AIM OF THE TASK ▸ The required answer is the run of lines from the one holding "Street scene with" to the end of the data below, copied exactly and free of pictures.
[RECORDS SHOWN]
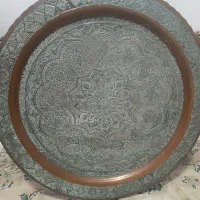 سینی نقره و گلدان برنجی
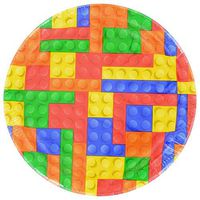 DS001 3pk Birthday Party Building Blocks Paper Party Plates, 7 in, 20-ct. Packs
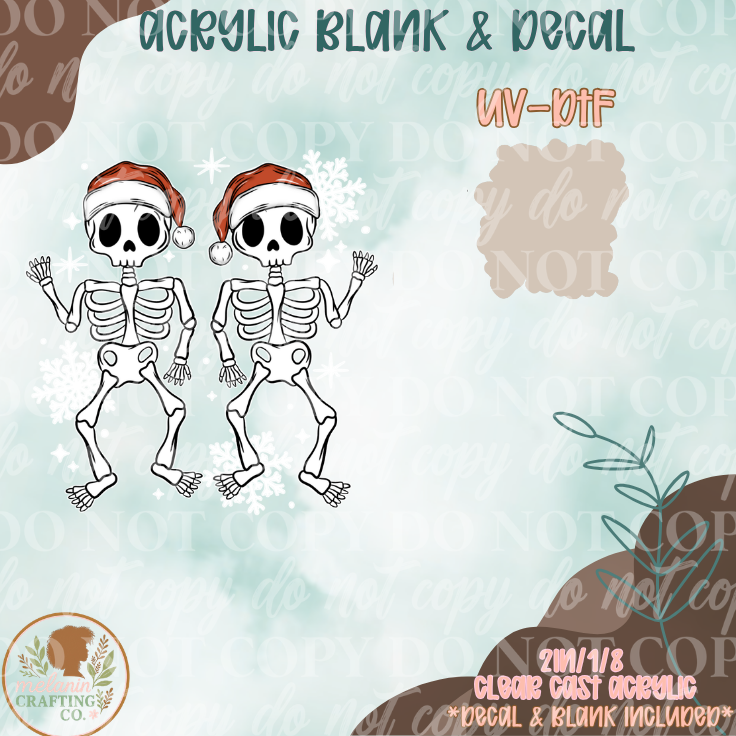 Santa Skellies UV DTF Acrylic Blank Set
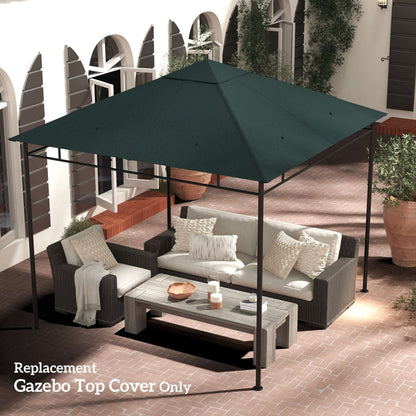Outsunny 3 x 3 m Gazebo Canopy Replacement Cover, Garden Gazebo Roof Replacement with Drain Holes, TOP COVER ONLY, Grey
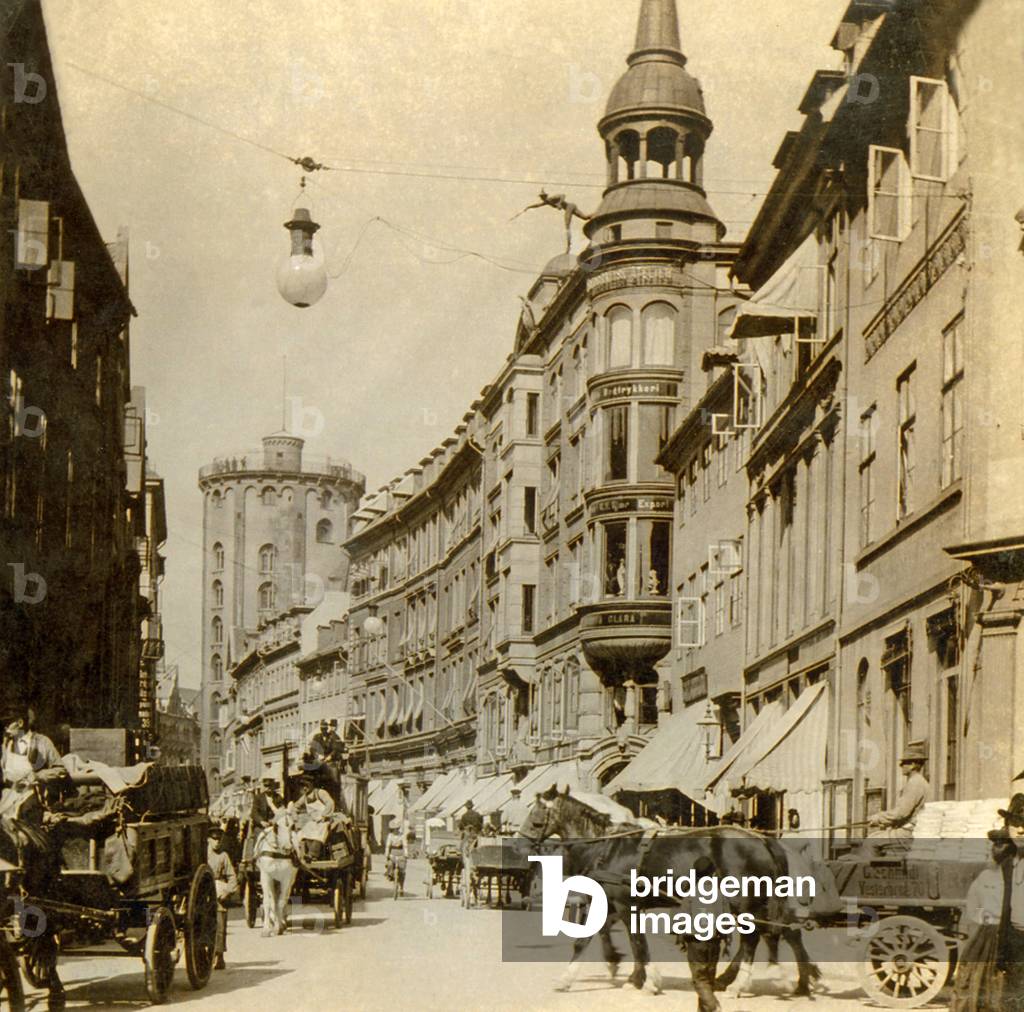 Street scene with view of the Rundetaarn, Copenhagen, Denmark. c.1902 (photo)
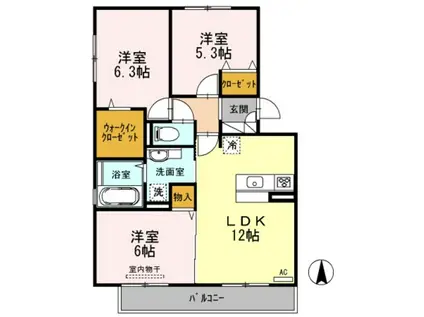 メゾンドヒル(3LDK/2階)の間取り写真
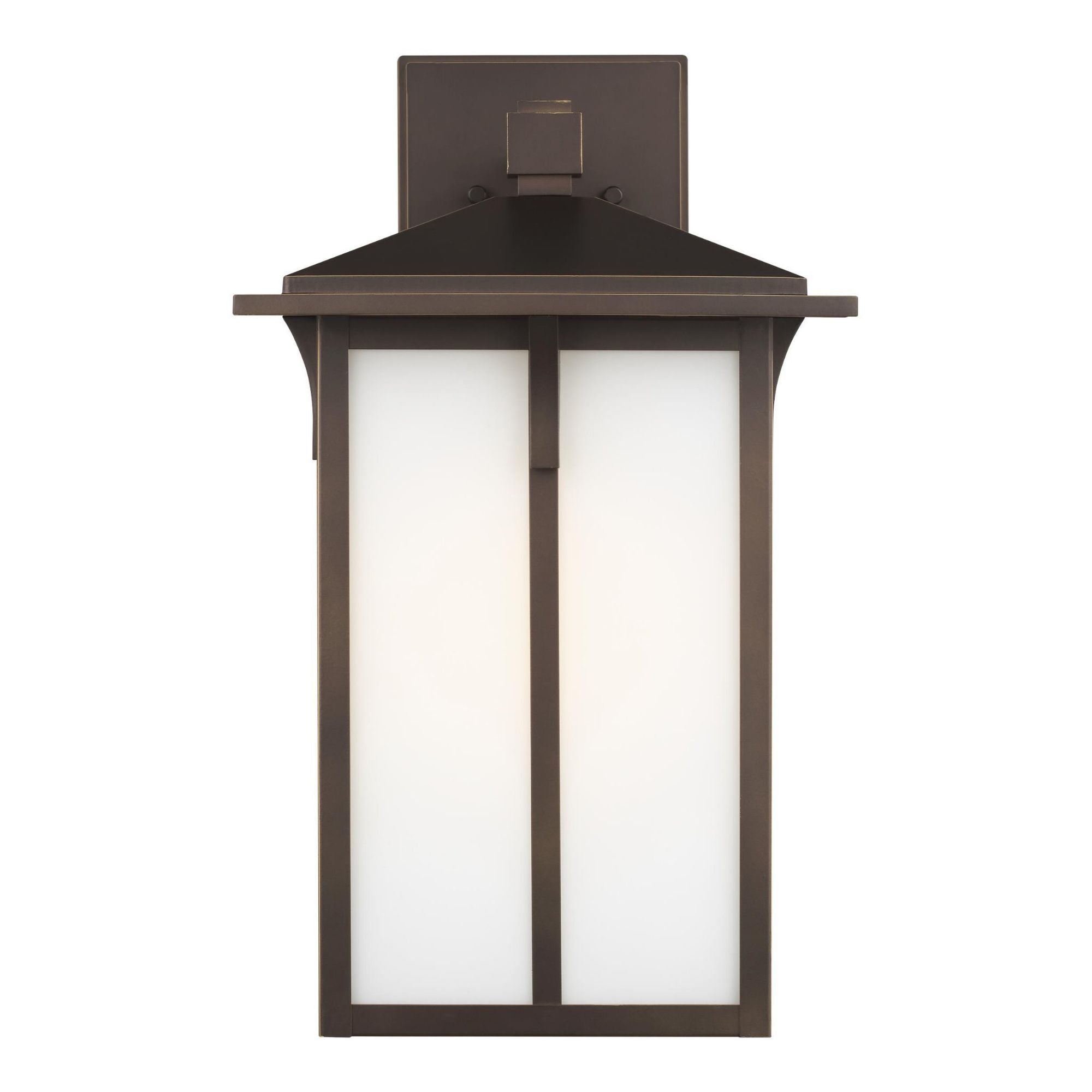 Tomek Large One Light Outdoor Wall Lantern LED Transitional Fixture 10.5" Width 18" Height Aluminum Rectangular Etched / White Inside Shade in Antique Bronze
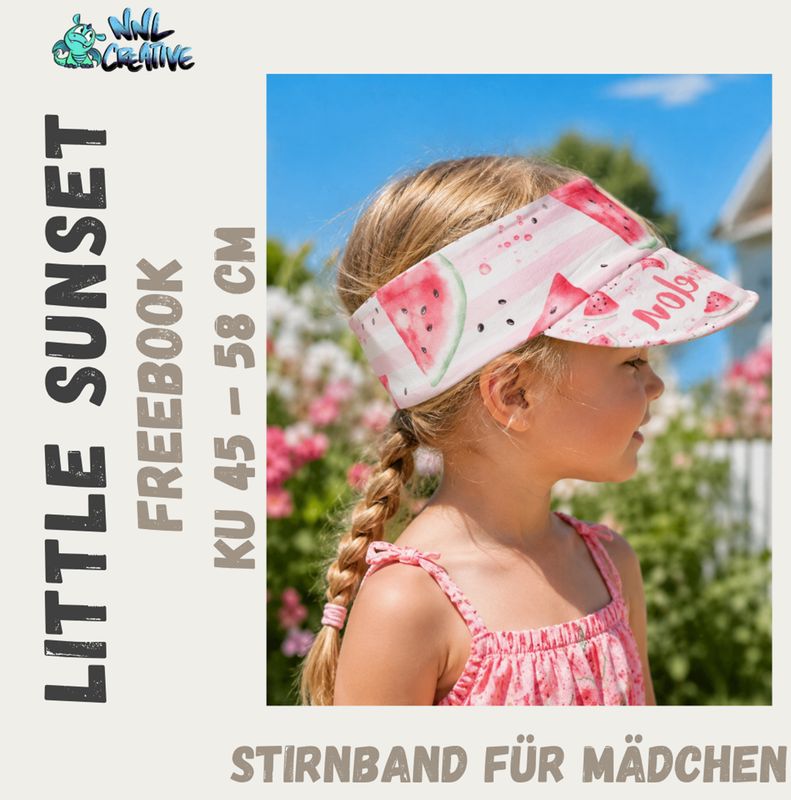 Little Sunset Stirnband mit Schild #Sonnenschutz #Stirnband KU 45 - 58 digitales Schnittmuster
[/RECORDS SHOWN]
EXPECTED ANSWER ▸
 Street scene with view of the Rundetaarn, Copenhagen, Denmark. c.1902 (photo)
 メゾンドヒル(3LDK/2階)の間取り写真
 Tomek Large One Light Outdoor Wall Lantern LED Transitional Fixture 10.5" Width 18" Height Aluminum Rectangular Etched / White Inside Shade in Antique Bronze
 Little Sunset Stirnband mit Schild #Sonnenschutz #Stirnband KU 45 - 58 digitales Schnittmuster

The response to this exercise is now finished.